Tuesday, March 8, 2011

Principle of Appropriateness and Register

Calling the register

Posted by Stephen Bullon on March 03, 2011

I’ve just bought a newly-published book about life in an English Grammar School in the 1940s. Long, long before my time (obviously), and not the usual sort of memoir that attracts me. But this one is slightly different, not only because the school in question is the one that I went to many years later, but because the author had by then returned as a member of staff and was my form teacher when I was in 2B. (Aged 13. They call it year 8 now.)

Of course, when you’re 13 and some ancient pedagogue (though he was only, I now realise, 33) plasters red ink all over your best attempt at creative writing, you get the feeling that he must be an oracle and can do no wrong in matters of English grammar and style. So it’s quite an eye-opener to see an extended stretch of his prose laid out before me, and quite tempting to read it with red pen in hand.

One of the things I remember about his English lessons was that he made great efforts to get us to understand the importance of appropriate register. This is a tricky area, and the difficulties are shared by young native speakers as well as learners of English as a foreign language. How do you express willingness or enthusiasm for example? Are you keen on something? Dead keen on it? Exceedingly enthusiastic about it? The sort of exercise he would give us would be to take a job advertisement and ask us to write two different versions of an application, one in very informal (and thus inappropriate) English, and one in formal, much more appropriate English.
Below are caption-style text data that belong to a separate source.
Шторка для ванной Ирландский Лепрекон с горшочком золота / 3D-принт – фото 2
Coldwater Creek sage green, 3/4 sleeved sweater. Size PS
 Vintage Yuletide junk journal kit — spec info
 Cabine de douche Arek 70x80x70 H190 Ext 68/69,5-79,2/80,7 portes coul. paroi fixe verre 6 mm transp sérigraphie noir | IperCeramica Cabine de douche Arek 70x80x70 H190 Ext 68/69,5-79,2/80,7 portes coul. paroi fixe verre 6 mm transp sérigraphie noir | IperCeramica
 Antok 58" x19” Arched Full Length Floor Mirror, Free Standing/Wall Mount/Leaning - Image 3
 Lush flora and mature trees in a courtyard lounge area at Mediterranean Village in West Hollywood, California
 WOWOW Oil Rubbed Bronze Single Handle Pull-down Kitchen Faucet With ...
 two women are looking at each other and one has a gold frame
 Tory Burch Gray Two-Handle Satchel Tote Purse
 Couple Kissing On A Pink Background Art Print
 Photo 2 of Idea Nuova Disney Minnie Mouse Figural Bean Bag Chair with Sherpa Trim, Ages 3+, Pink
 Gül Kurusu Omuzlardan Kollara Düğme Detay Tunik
In our enthusiasm, we would usually overegg the pudding on the formal version and dream up something unbelievably pompous along the lines of:
Dear Sir,
With regard to your advertisement in the local newspaper of the 10th inst, I should like to avail myself of this opportunity to submit for your kind consideration my application for the post of head chef in your esteemed establishment’s kitchen. As you will see from the enclosed CV, I have long had a passion for haute cuisine and am cordon bleu trained …
and then gleefully translate it into something even more inappropriate such as:
Hi,
I clocked your ad in the local rag last week and I’m well up for the gig. I’m dead keen on all kinds of grub and can knock up a mean beans on toast …
It was certainly more fun than conjugating Latin verbs – a bothersome task that was inflicted both on the author and later on me by the same ‘Mac’ McIver.